As for StLoup being homosexual, would it not be more correct to describe him as bisexual? Just asking . . .


message 43: by Dave (last edited Dec 16, 2014 01:04PM) (new)

Dave (adh3) | 779 comments Thanks Ben, I didn't know that interesting fact about Jewish Culture. My weak attempt at humor was trying to capture society prejudice not label Gilberte and Saint Loup. Humor does work well on these threads.

Gilberte may definitely not be Jewish, but I see Proust as portraying society's prejudices not based on fact but on gossip, misunderstanding etc. She changed her name when adopted by Forcheville and was quite sensitive to being a Swann any longer. However, her father may be Jewish, her mother a notorious courtesan, and she herself illegitimate, but society can overlook such shortcomings given her great wealth and marriage into the aristocracy. Proust is so wonderfully cynical.

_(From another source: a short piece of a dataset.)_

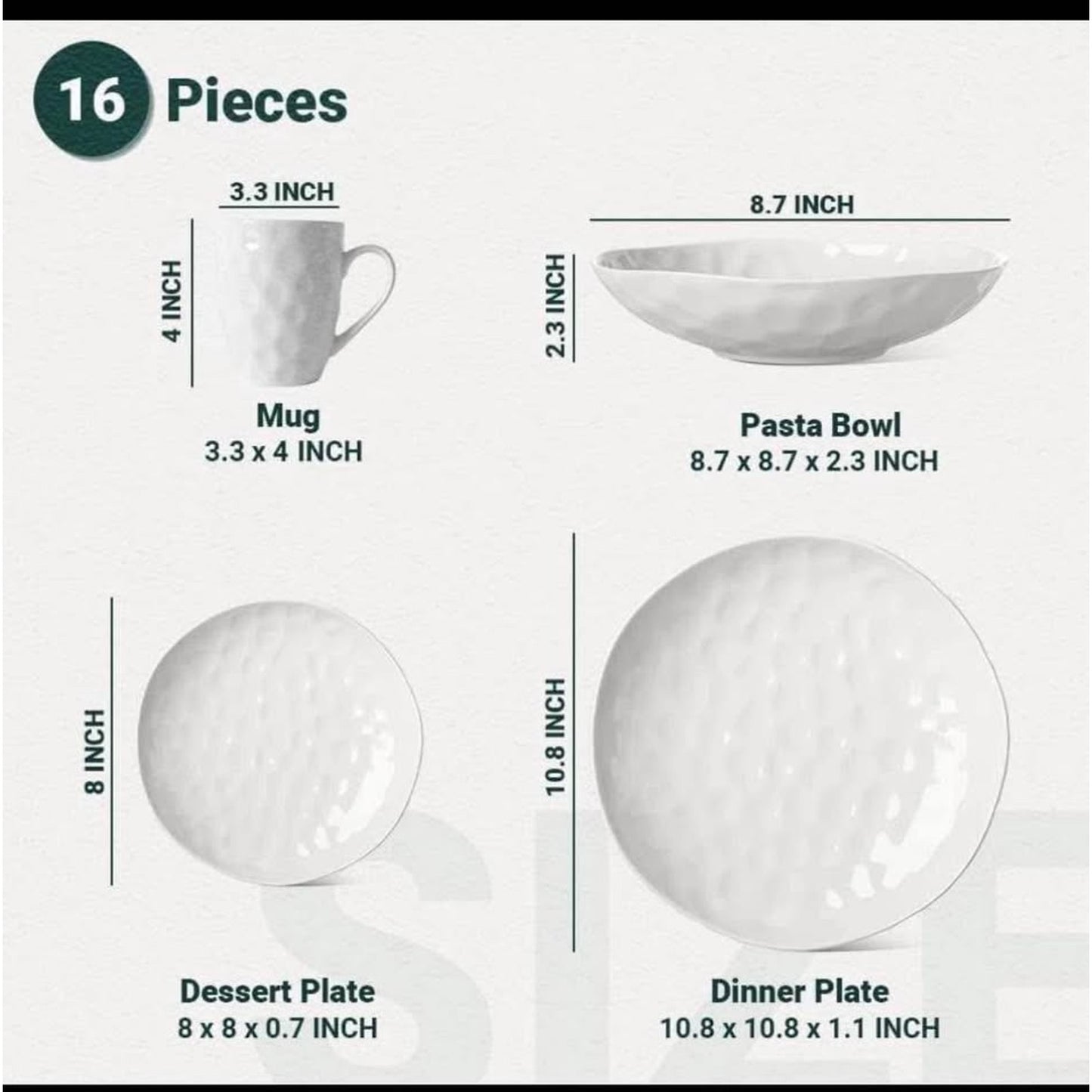 White Dinnerware Set 16 Piece Service for 4, Porcelain Dinnerware Sets, Over Size Bowls and Plates S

As for Saint Loup's sexuality I can't say. I searched the MLK Translation of Search and found no use of the word Bisexual. No doubt sexual preferences were just as diverse as they are today, (The Marquise de Sade covered about everything in his day) but Proust seems to have kept his sexual zoo fairly limited. I believe a Bisexual is sexually attracted to both sexes. There are a number of characters who are sexually involved with both sexes in Search. But are they involved with both out of preference or to keep up appearances for whatever reason or, as with rent-boys, just in it for the money? I guess each reader can decide for themselves.


Jonathan | 751 comments Mod
I was always a bit intrigued with why Gilberte 'dropped' her surname 'Swann' so readily as it's not an 'obviously' Jewish name. Presumably it was just because Swann was famous within the society in which they moved and he was known to be Jewish and a Dreyfusard.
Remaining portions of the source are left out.